Sallie Chilcoat is a romance writer, one who moved from her home state of Washington to Virginia, to be with the man she thought she was in love with. That didn't work out, but she's still in Virginia, living in a fairly high-end small town, in a condo development that's very nice, but with a mortgage she can afford.
Sallie tries to keep her writing career to herself, but she's living across the hall from a friendly, likeable, extremely chatty gossip. Beth is an older woman, friendly and outgoing, with no family anymore. Sallie enjoys her company, even if she has to watch what she says.
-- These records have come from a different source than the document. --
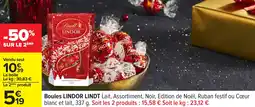 Carrefour Boules lindor lindt offre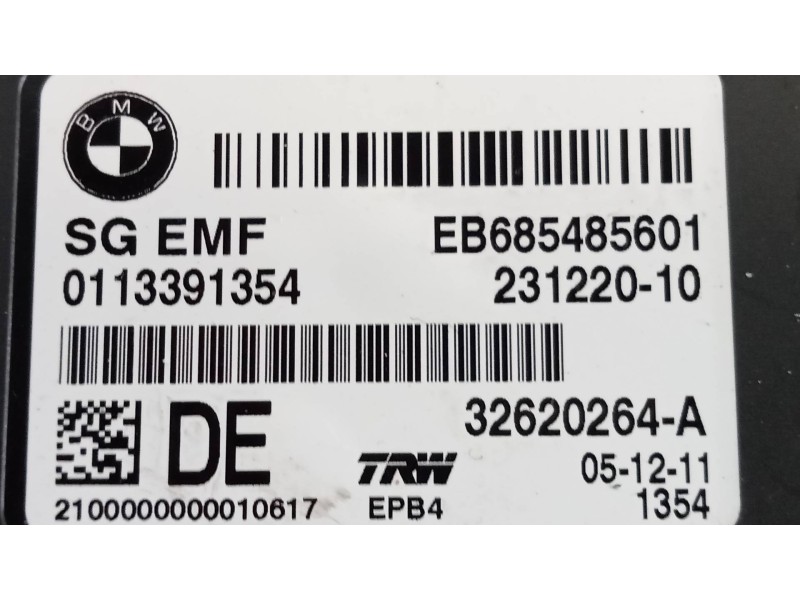 Recambio de modulo electronico para bmw serie 5 lim. (f10) 535d xdrive referencia OEM IAM 32620264A 23122010 0113391354 EB685485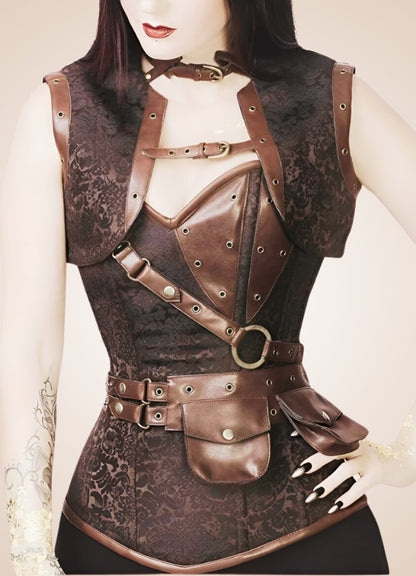 Steampunk Pocket Corset UK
Then one day, she's looking out the window of her condo, and sees a man playing an accordion in the gazebo. She goes out for a walk, and on her way back, she finds the accordion player still in the gazebo, but no longer playing. He is now dead.
She calls 911, and before the police arrive two of her neighbors, Cass and her husband Dan, arrive. Dan says they barely know the dead man, Alan Staples, while Cass seems far more upset than bare acquaintance makes likely. It's not long before Sallie, and Bill, the handsome handyman whose looks she's been admiring, are conducting their own investigation of their neighbors.
They're both smart, observant, competent people. They also both have their own set of emotional insecurities, though we see Sallie's from the inside, as it were, and Bill's only through what Sallie observes. Amongst their neighbors, both in the condo development and in the nearby area, they find a plentiful supply of potential suspects. The dead man turns out to have been a ladies' man who has been making trouble among the ladies since he was a teenager in a foster home.
This is a lively, fun story, and Michelle Babb, as always, does a great job with the narration. Recommended.
I received a free copy of this audiobook from the narrator, and am reviewing it voluntarily.